James Labrie – Impermanent Resonance

James Labrie – Impermanent Resonance

7th July 2013 0 By Rich Dodgin

Artist: James Labrie
Album: Impermanent Resonance
Record Label: Inside Out U.S.
Release Date: August 6 2013
Reviewed By: Rich Dodgin

Track Listing:
1. Agony
2. Undertow
3. Slight of Hand
4. Back on the Ground
5. I Got You
6. Holding On
7. Lost in the Fire
8. Letting Go
9. Destined to Burn
10. Say You’re Still Mine
11. Amnesia
12. I Will Not Break

For fans of: Dream Theater / Opeth / prog-metal

Standout Tracks: Back on the Ground / Letting Go

I have to admit that I’m not the worlds biggest Dream Theater fan.  I have several of their albums and I’ve seen them live a couple of times, but there has always been just a bit too much self-indulgence on their albums for me to really get into them as a band.  Saying that, I do appreciate how musically talanted they are, and if I’m in the right frame of mind I do enjoy listening to their 1994 album Awake.
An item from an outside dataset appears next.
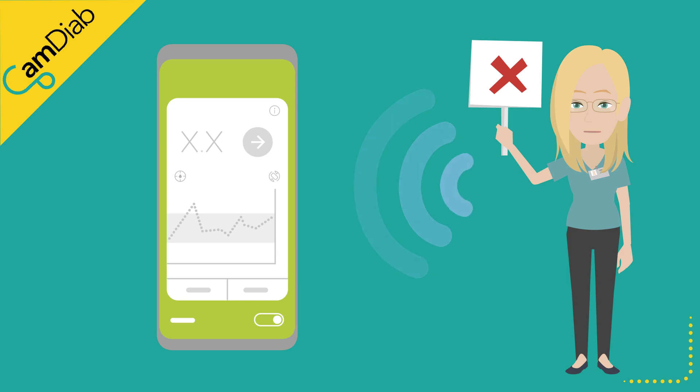Likewise, if the sensor is under-reading and is showing a lower glucose value, the algorithm will reduce or even stop insulin delivery unnecessarily, causing glucose levels to rise.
So, it was with a bit of trepidation that I started listening to this, Dream Theater vocalist James Labrie‘s third solo album.  Would this be different enough to interest me, and would it be even more self-indulgent than the band’s albums ?
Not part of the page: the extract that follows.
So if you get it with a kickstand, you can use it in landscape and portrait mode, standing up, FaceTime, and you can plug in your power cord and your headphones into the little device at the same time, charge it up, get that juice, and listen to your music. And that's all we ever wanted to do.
Opening track ‘Agony’ certainly caught me off guard – starting with some heavy riffs and death metal vocals before Labrie‘s usual melodic vocals kicked in.  Yes, the guitar sound and keyboards are recognisibly Dream Theater-esq in places, but things are considerably heavier and distinct enough to make this stand apart.

And the first track very much sets the tone for the album as a whole.  Each song is like a heavier version of a Dream Theater track – the riffs are faster, the drums more pounding, and the sparingly used death metal vocals step things up a gear.  The keyboards are also much more prevelant on this album, primarily because Matt Guillory (James Labrie‘s song writing partner for over a dozen years now) “took the leading role in the composing of the song material, but also handled all of the keyboard recordings as well as background vocals” (from the official press release).

I really enjoyed this album.  Musically, it is tighter than Dream Theater – the tracks are more structured and less experimental in nature – and it has a modern cutting edge feel to it.  I think most Dream Theater fans will enjoy this, but I’d recommend it to anyone who is a fan of prog-metal or metal which tries to do something different.